Я беру Марту за руку, помогаю ей встать и отойти чуть-чуть от дивана, потому что следующие минут семь-восемь мне предстоит кружить вокруг неё, одевая её, и мне понадобиться много свободного пространства.
Слегка отстраняюсь, чтобы посмотреть на Марту со стороны. Когда всё идеально, у меня внутри спокойно – блаженное состояние. И сейчас я переживаю именно это, потому что Марта красива и обнажена; её причёска безупречна, а наряд, ожидающий её на диване, до миллиметров подогнан под её фигуру. Мой перфекционизм получает пищу, порцию за порцией! Для меня сейчас всё начинается, теперь я могу сконцентрироваться. Я сначала бросаю взгляд на наряд для Марты, потом исподтишка приглядываюсь к её лицу - почти всё идеально, только микроскопическая крошка туши под глазом. Она замечает мой взгляд и озабоченность.
- Мне нужна ватная палочка, Госпожа.
- Мне тебе её принести? – она спокойно смотрит на меня.
Бросаюсь в прихожую и мигом возвращаюсь с ватной палочкой чёрного цвета. Марта спокойно даёт смахнуть крошку.
Это было когда-то моей проблемой. Несовершенный результат работы неприемлем, я долго не мог добиться успеха в своих делах, пока не поговорил с одной женщиной-психологом. Она мне сказала, почему у меня ничего не получается, хоть и способностей на порядок выше среднестатистического человека. И главное, с каким лицом она это сделала! Когда я вышел от неё, меня трясло. Я зашёл в первый попавшийся бар, заказал коньяку, потом ещё. А на следующий день я был другим человеком.
Сегодня я могу создавать несовершенные системы, и спокойно к ним отношусь, но главное, я не утратил при этом способности и рвения создавать и идеальное. И всё, чем я окружаю Марту – идеально. Поэтому на её лице нет места для крошек туши. Избавившись от этой крошки, бросаю взгляд на её лицо ещё раз, украдкой рассматриваю шею.
Марта хватает меня за ошейник и притягивает меня лицом к своему лицу.
- Куда ты собрался деть ватную палочку? – спрашивает она, строя глазки.
- Я этого не знал, Моя Госпожа, - хриплю я из-за сдавливаемого ошейником горла.
- У тебя тридцать пять секунд: сделать так, чтобы я даже случайно её потом нигде не увидела, и надеть новые джинсы.
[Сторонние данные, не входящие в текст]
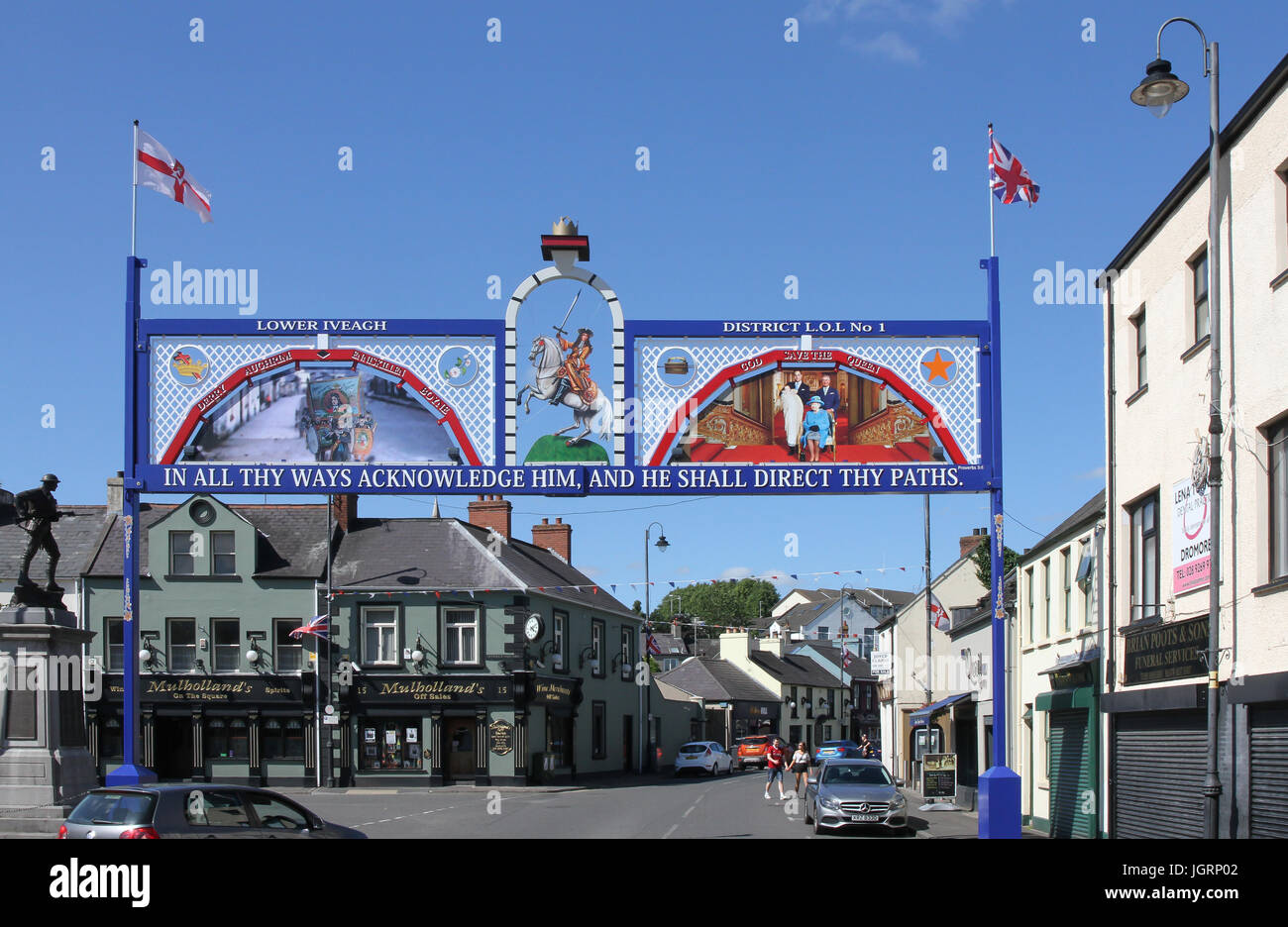 Ein Orange-Bogen in Dormore County Down als Vorbereitungen für das jährliche "Zwölften Juli" Gedenkfeiern anlässlich der Schlacht am Boyne in Gang kommen. Stockfoto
Не хочу больше видеть тебя голого!
- Да, Моя Госпожа!
Бросаюсь в столовую, чтобы опустить и спрятать в мусорном пакете ватную палочку, да так, чтобы случайный взгляд сюда не обнаружил её – приятно исполнить приказ чужого человека, и не потому, что тебя при этом никто не видит (странно, надо будет это обдумать!). Теперь мне надо быстро надеть джинсы, но когда я бежал в столовую, увидел по пути, что один из сапог Марты согнулся в голенище, поэтому первым делом бросаюсь поправить его. Ведь что было до этого? – приветствие. А теперь то, ради чего мы с Мартой тут – сессия. А значит, всё должно протекать идеально. Убеждаюсь, что оба сапога теперь стоят симметрично и ровно, и уже потом кидаюсь к шкафу, где срываю с вешалки голубые, все в дырках джинсы, и первым шагом попадаю ногой в одну штанину, вторым другой в другую, и суетливо застёгиваю последнюю пуговицу, когда уже подхожу к Марте.
- Тридцать восемь, тридцать девять, сорок. Вопросы есть?
- Нет, Госпожа. Но я старался.
- Что получается у людей, которые стараются?
- Они достигают цели, Госпожа.
Марта, вскинув свою ладонь к моему лицу, отшвыривает меня от себя.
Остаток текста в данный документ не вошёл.